FEATURE

The Factory Front

EDSEL FORD FIRST saw the B-24 Liberator in January 1941. The supervisors of the Consolidated Aircraft Corporation’s plant invited him to climb aboard. So he clambered into the claustrophobic cockpit, through the extended belly of the plane, past the massive bomb bay, and back into the San Diego sunlight. Then he took his hosts aside and told them what they were doing wrong.

It wasn’t the plane itself that Ford objected to. At the time the B-24 could fly farther and carry a larger payload than any other bomber in existence. But Consolidated made each plane individually, carefully crafting it from the ground up. Far better to follow the Ford way: Standardize every piece that went into the plane, break the production process into minute steps, set those steps along an assembly line, and run it as fast as you possibly could. Give his company the job, Ford said, and he’d hand the American military a new B-24 every hour, sixteen hours a day, six days a week, for a total of four hundred bombers a month.

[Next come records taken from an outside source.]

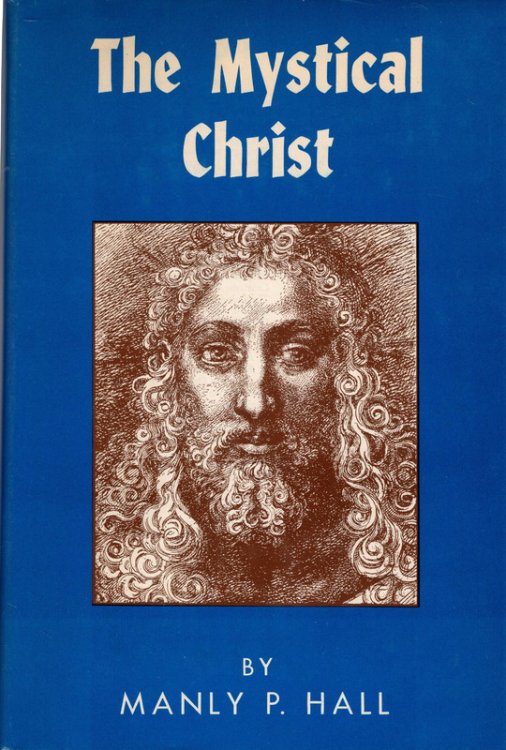 The Mystical Christ : Religion as a Personal Spiritual Experience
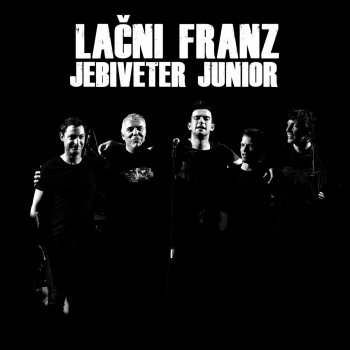 Lačni Franz Jebiveter Junior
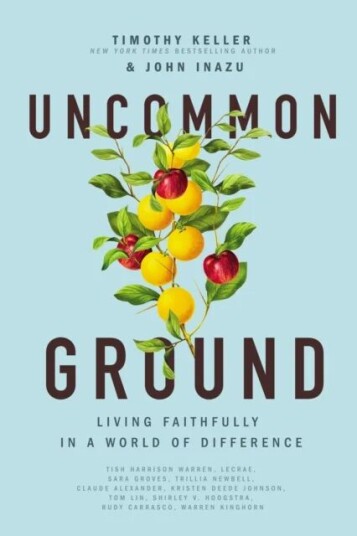 Uncommon Ground Av Timothy Keller, John Inazu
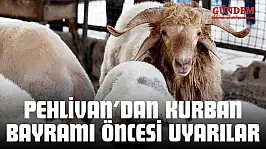 Pehlivan'dan Kurban Bayramı Öncesi Uyarılar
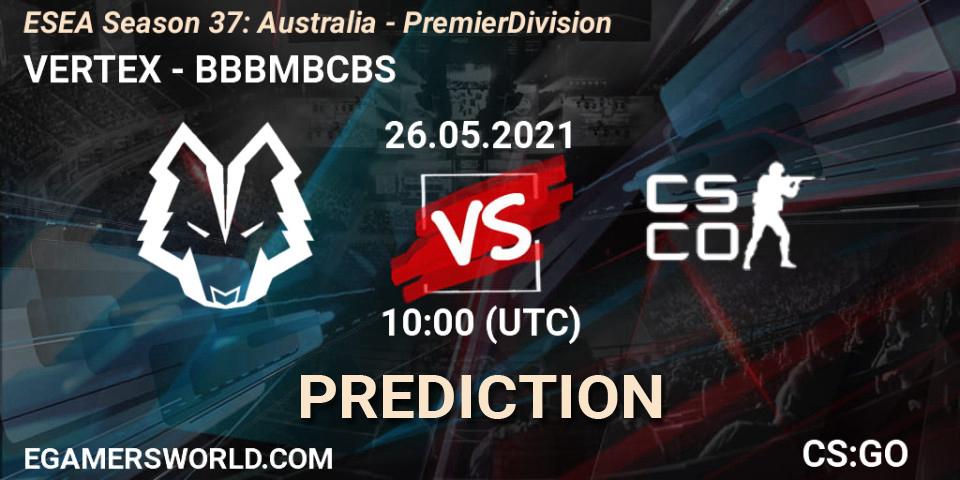 VERTEX - BBBMBCBS: ennuste. 26.05.2021 at 10:00, Counter-Strike (CS2), ESEA Season 37: Australia - Premier Division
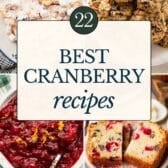 Collage image of the best cranberry recipes.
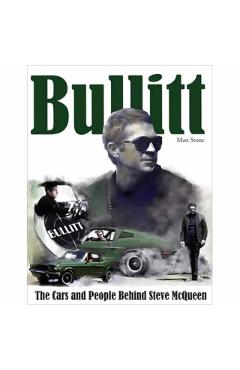 Bullitt: The Cars and People Behind Steve McQueen - Matt Stone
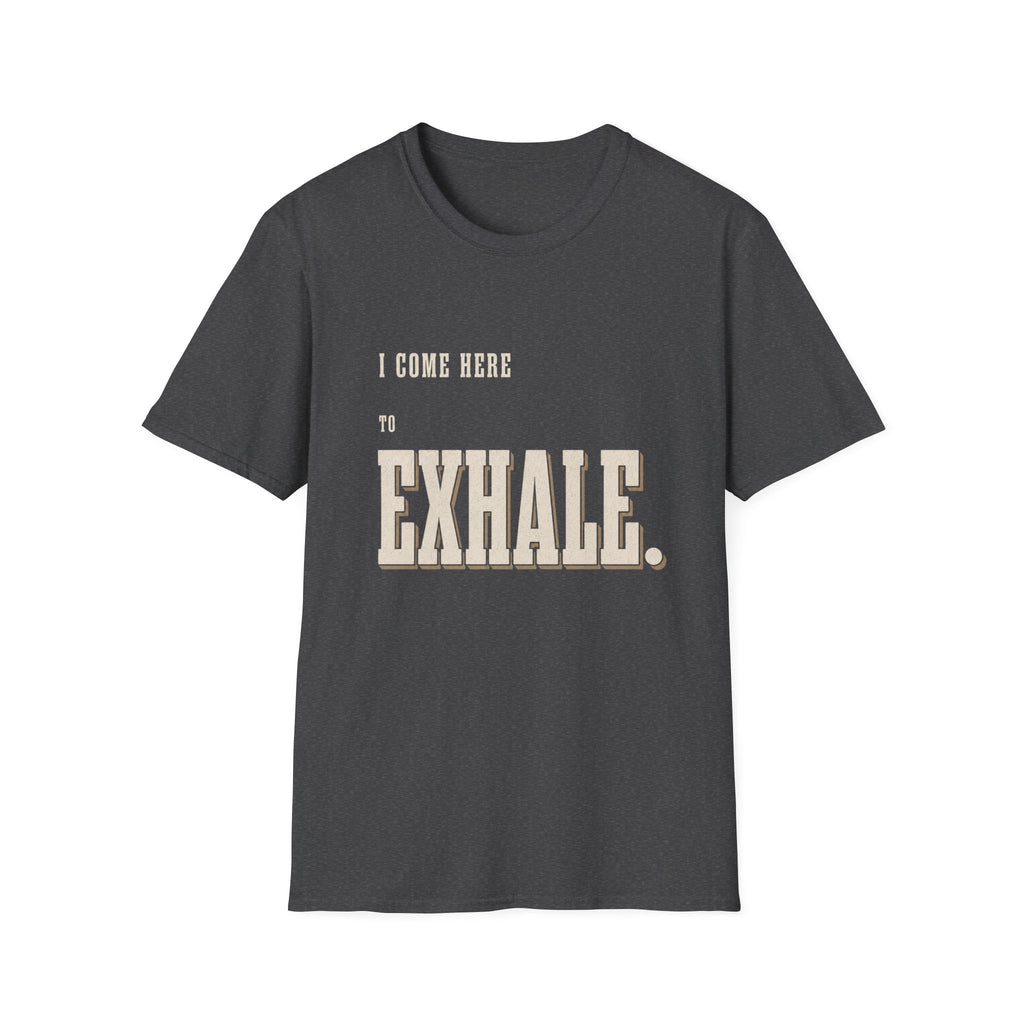 I Come Here To Exhale. T-Shirt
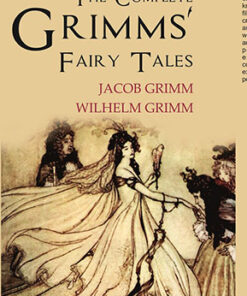The Complete Grimms' Fairy Tales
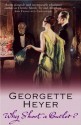 Why Shoot a Butler? - Georgette Heyer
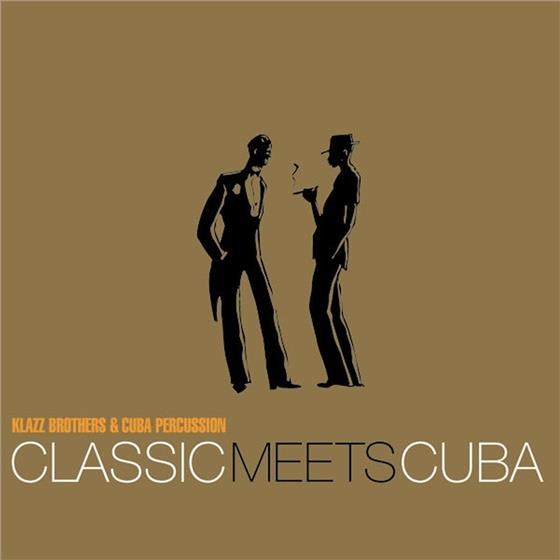Klazz Brothers & Cuba Percussion - Classic Meets Cuba Digipack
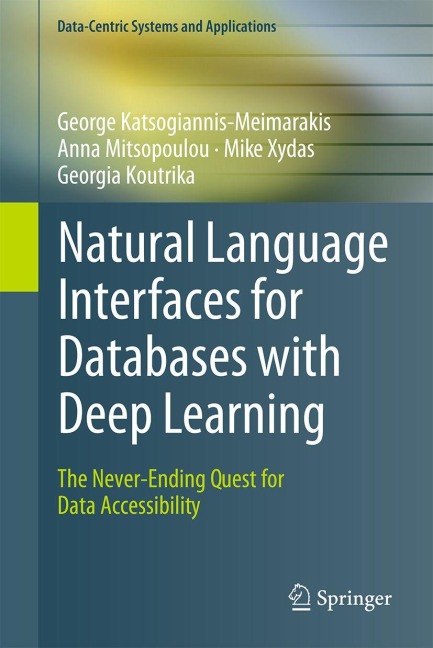 Natural Language Interfaces for Databases with Deep Learning: The Never-Ending Quest for Data Accessibility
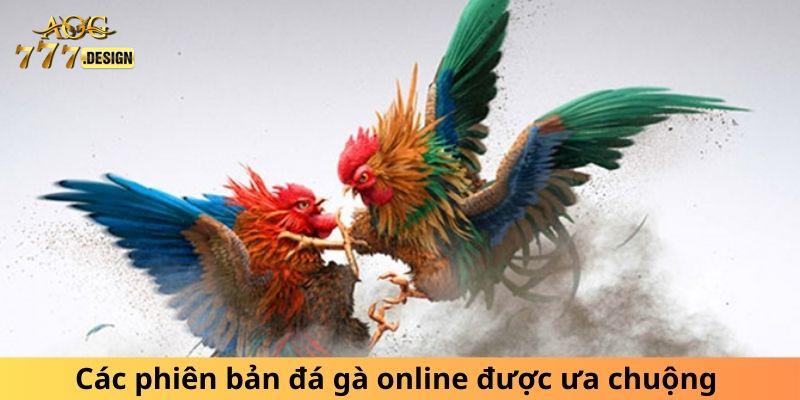 Các phiên bản đá gà online được ưa chuộng 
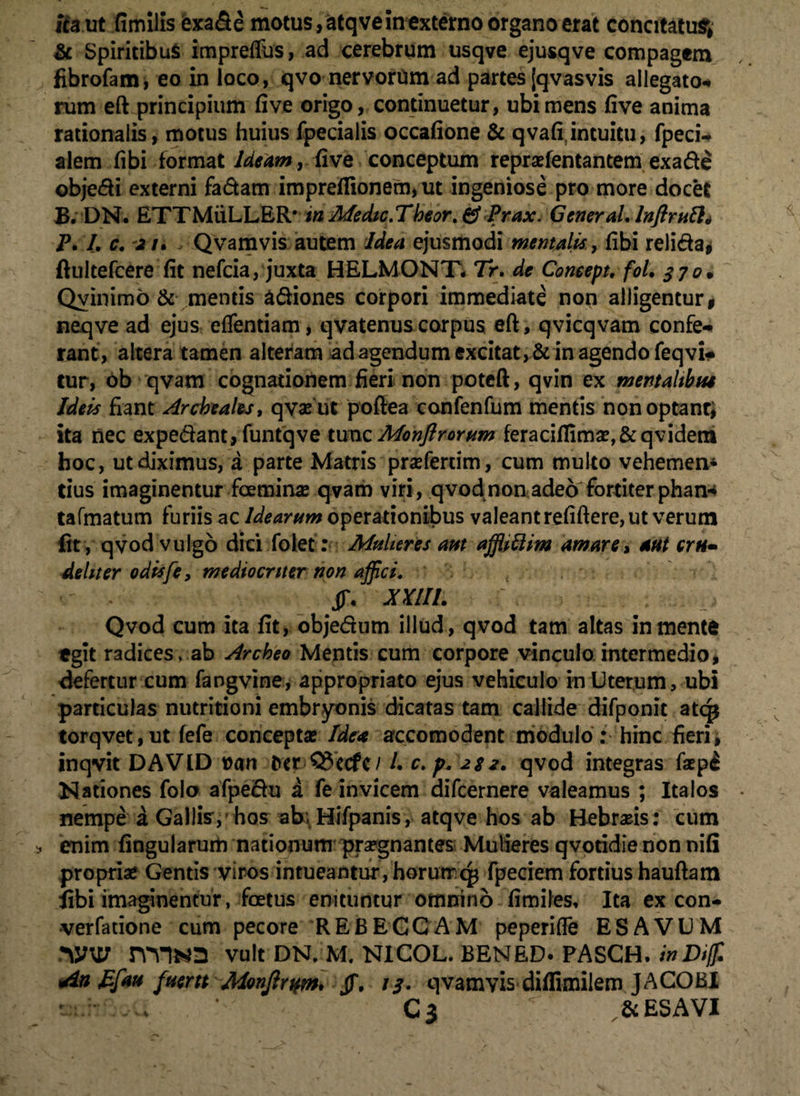 ita ut fimllis fcxafie motus, atqve in externo organo erat concitatu^ & Spiritibus impreffus, ad cerebrum usqve ejusqve compagem fibrofam, eo in loco, qvo nervorum ad partes [qvasvis allegato* rum eft principium fi ve origo, continuetur, ubi mens five anima rationalis, motus huius fpecialis occafione & qvafi intuitu, fpeci- alem fibi format Ideam, five conceptum repraefentantem exade objedi externi fadam impreflionem, ut ingeniose pro more docet B. DN. ETTMiiLLER* in Medic.Theor. & Prax. General. Inflruti* P. I. c. 21. Qvamvis autem idea ejusmodi mentalis, fibi relida* ftultefcere fit nefcia, juxta HELMONT* Tr. de Coneepu fol. 370. Qvinimd & mentis adiones corpori immediate non alligentur, neqve ad ejus effentiam, qvatenuscorpus eft, qvicqvam confe¬ rant, altera tamen alteram ad agendum excitat, & in agendo feqvi- tur, ob qvam cognationem fieri non poteft, qvin ex mentalibus Ideis fiant Archeales, qvafut poftea confenfum mentis nonoptanr; ita nec expediant, funtqve tunc Monflrorum feraciflima?,&qvidetn hoc, ut diximus, a parte Matris praefercim, cum multo vehemen¬ tius imaginentur foemina? qvam viri, qvod non adeo fortiter pharn tafmatum furiis ac Idearum operationibus valeant refiftere, ut verum fit , qvod vulgo dici folet : Mulieres aut afflittim amare, aut eru- dehter odisfe, mediocriter non affici. •' , XXIIL ' ; Qvod cum ita fit, objedum illud, qvod tam altas in mente egit radices, ab Archeo Mentis cum corpore vinculo intermedio, defertur cum fangvine, appropriato ejus vehiculo in Uterum, ubi particulas nutritioni embryonis dicatas tam callide difponit atq* torqvet,ut fefe concepta? Idea accomodent modulo : hinc fieri, inqvit DAVID »an t>er Q3ecfc/ l. c. p. 2S2. qvod integras fepi Nationes folo afpe&u a fe invicem difcernere valeamus ; Italos nempe a Gallis ,-hos ab; Hifpanis, atqve hos ab Hebraeis: cum enim fingularum nationum praegnantes Mulieres qvotidie non nifi propriae Gentis viros intueantur, horumq$ fpeciem fortius hauftam libi imaginentur, foetus enituntur omnino fimiles. Ita ex con- •verfatione cum pecore REBECCAM peperifte ES AVUM WW nVJN2 vult DN. M. NICOL. BENED. PASCH.inDiff. Efau fuertt Monjlrwn, Jf. 13. qvamvis diffimiiem JACOBI v , . , Cj  & ES A VI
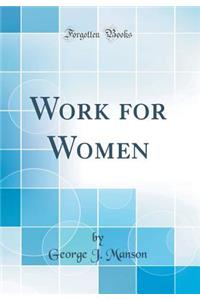 Work for Women (Classic Reprint)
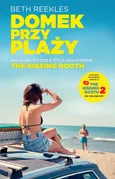 The Kissing Booth Domek przy plaży - Outlet - Beth Reekles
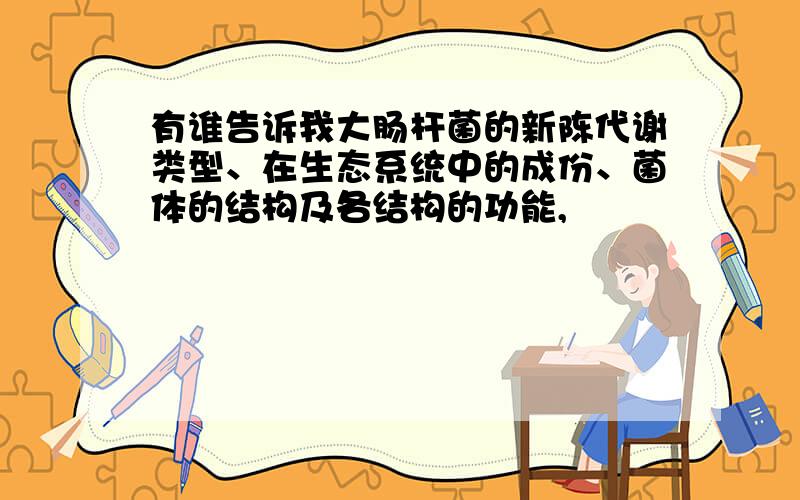 有谁告诉我大肠杆菌的新陈代谢类型、在生态系统中的成份、菌体的结构及各结构的功能,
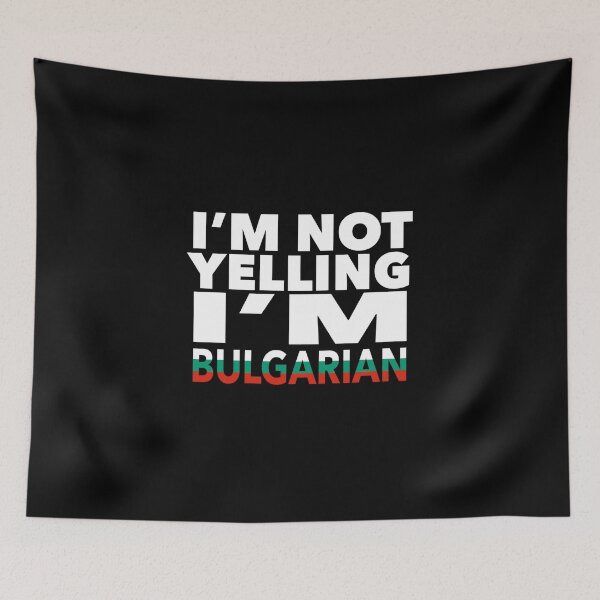 Item preview, Bulgarian present - i'm not yelling, i'm Bulgarian - Bulgarian gifts - Bulgarian flag - Bulgarian Gift - Bulgarian Decor - Bulgaria designed and sold by babaorum.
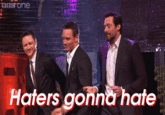 Haters Gonna Hate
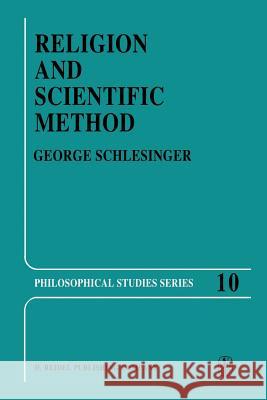 Religion and Scientific Method G. Schlesinger 9789027708168 Springer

There was more than bravado behind Ford’s promise, as A. J. Baime explains in his lively new book. For more than two decades, Edsel had lived under the domination of his father, Henry, the erratic genius who had created the modern automobile industry via the power of mass production. The humiliation had begun soon after the old man named twenty-five-year-old Edsel president of the Ford Motor Company in 1919. The 1920s were torturous, marked by Henry’s dogged refusal to listen to Edsel’s pleas that he move beyond the Model T even as its sales plummeted; his constant criticism of his son’s sophistication, which he seemed to take as a personal affront; and his shocking embrace of anti-Semitism.

The 1930s were worse. First Henry fell under the sway of Harry Bennett, the company’s thuggish chief of security, whose brutal handling of labor relations blackened Ford’s already tattered reputation. Then he flirted with fascism; the Hitler government awarded him its highest civilian honor in the summer of 1938, to commemorate the old man’s seventy-fifth birthday. When war broke out in Europe the following year, the elder Ford told the press that he hoped each side would bleed the other white. Edsel tried to repair the damage by agreeing to build airplane engines the British desperately needed. But his father summarily canceled the deal. Henry had visited many humiliations on his son, says Baime, but “this one hurt the most.”

So Edsel’s pledge to churn out four hundred B-24s a month hinged less on the Ford Motor Company’s devotion to the power of mass production or the promise of profit than on the neglected son’s pursuit of personal and professional redemption. Here was a project he would guide for himself, for the good of the nation, and for the company that bore his name, if not his influence. This time he’d make good.

Workers at the Willow Run manufacturing plant assemble a plane engine, ca. 1942.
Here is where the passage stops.